In R, how do I compute mean and standard error of a subset of data, grouped by multiple columns, and output this into a new data frame?

PlantPathRules picture PlantPathRules · Dec 8, 2016 · Viewed 15.3k times · Source

I have a dataset (named 'gala') that has the columns "Day", "Tree", "Trt", and "LogColumn". The data was collected over time, so each numbered tree is the same tree for each treatment is the same across all days. The tree numbers are repeated for each treatment (e.g. there is a tree "1" for multiple treatments).
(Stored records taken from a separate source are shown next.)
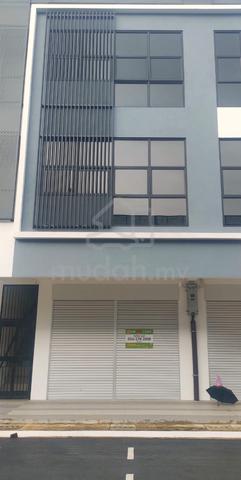 FOR RENT ♦️ GROUND FLR Northbank NBCC Shophouse TT 3 samarahan kuching 1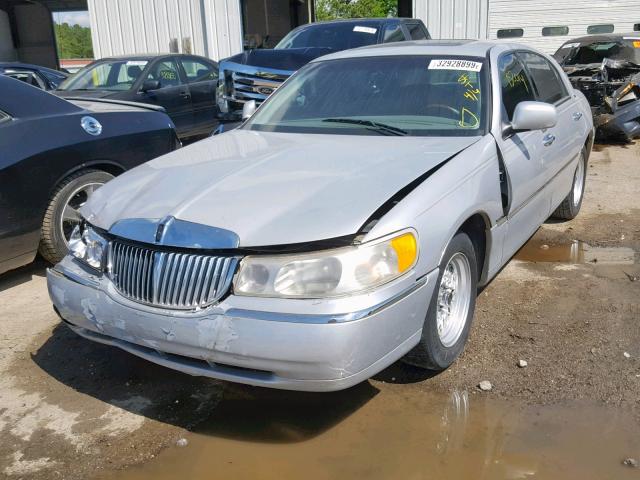 1LNHM83W3YY935950 - 2000 LINCOLN TOWN CAR C SILVER photo 2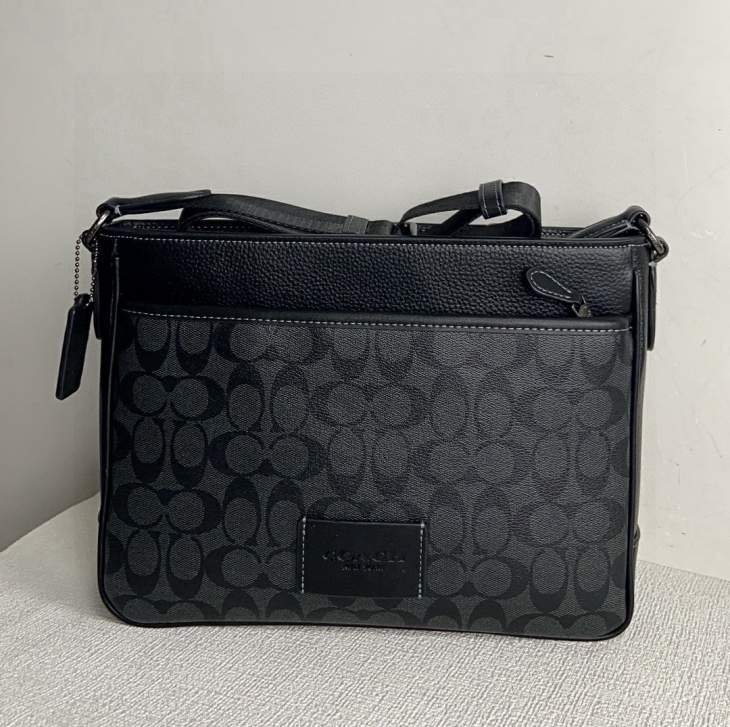 Picture of Coach Mens Bags _SKUfw182634339fw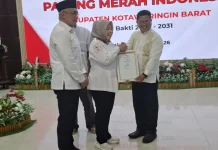 Sambut Kepengurusan Baru, Bupati Nurhidayah Hadiri Pelantikan Pengurus PMI Kobar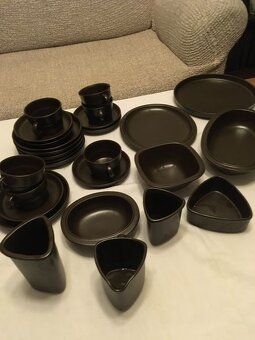 Tmavohnedá súprava 31 kusov - 3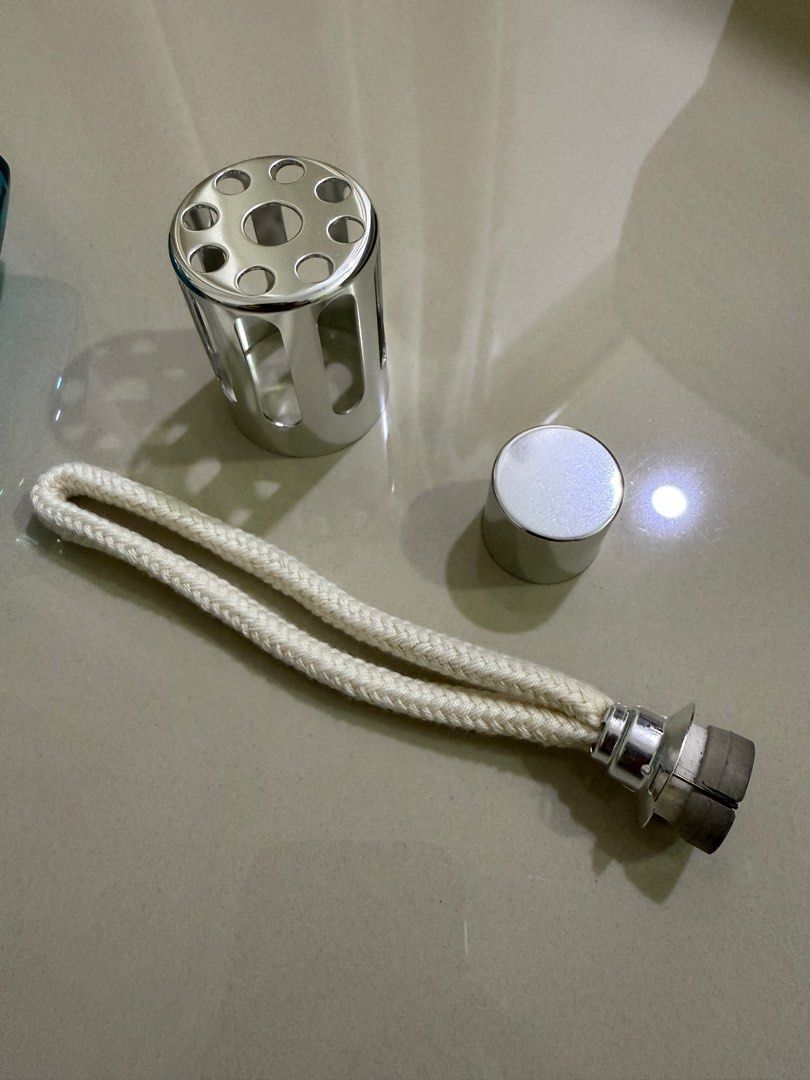Lampe Berger diffuser (Category: Home Fragrance) located in Kuala Lumpur. Submitted by evapoon (Listing ID 1382258046, Image 3). Description: Condition : 9.8/10 .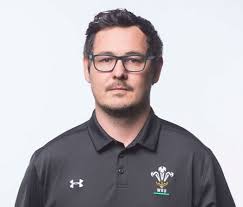 I'd like to offer, as a Dragon, my application and congratulations to Ben  Hunt, definitely a Dragon in spirit, best in club for sometime. Cheers, Ben  👍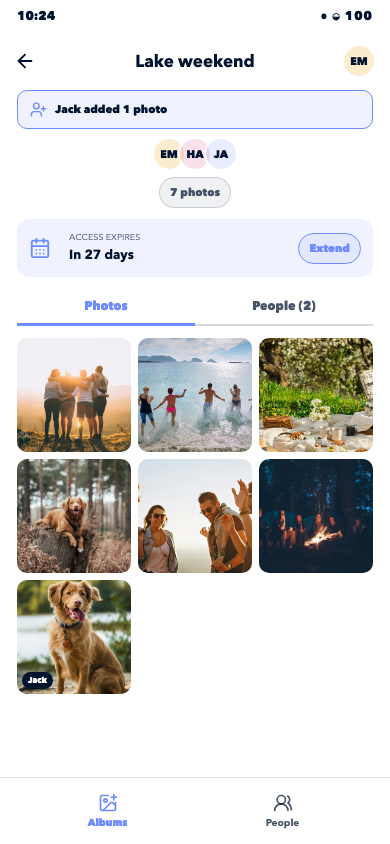 AasaanShare album with photos, people, and access expiry controls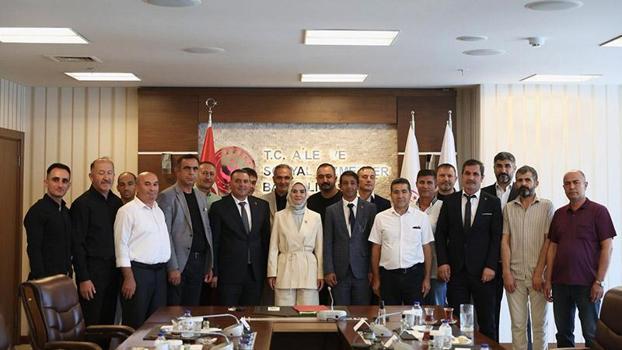 Bakan Göktaş, gazilik ünvanı verilen dernek üyeleriyle bir araya geldi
I would like to compute the mean and standard error for the 'LogColumn' column, for each tree per each treatment per each day (e.g. I will have a mean + standard error for day 1, tree one, treatment x, etc.), and output the mean and standard error results into a new data frame that also includes the original day, Tree, Trt values.

I have been unsuccessfully trying to make a Frankenstein of codes from other Stack Overflow answers, but I cannot seem to find one that has all the components at once. If I missed this, I am sorry, and please let me know with a link to this answer. I am new to coding, and R, and do not understand well how other codes not directly relating to what I would like to do can be applied.

At this point, I have this, but do not know if it is anywhere near correct (I am also currently getting the error message "object of type 'closure' is not subsettable"): TreeAverages <- data.table[, MeanLog=mean(gala$LogColumn), se=std.error(gala$LogColumn), by=c("Day","Tree","Trt")]

Any help is greatly appreciated. Thank you!

Answer

Lissa picture Lissa · Dec 8, 2016

If you're using data.table, remember to convert gala into a data.table object first.

gala = data.table(gala)

gala_output = gala[, .("MeanLog" = mean(LogColumn), 
         "std" = std.error(LogColumn)), 
     by = c("Day", "Tree", "Trt")]

You were really close, but data.table works like dplyr does, so it already knows variable names. You don't need to specify gala$LogColumn throughout, just do it by name.

.() is just a shorthand for list(), so I'm specifying that data.table should return the columns MeanLog and std grouped by Day, Tree, and Trt.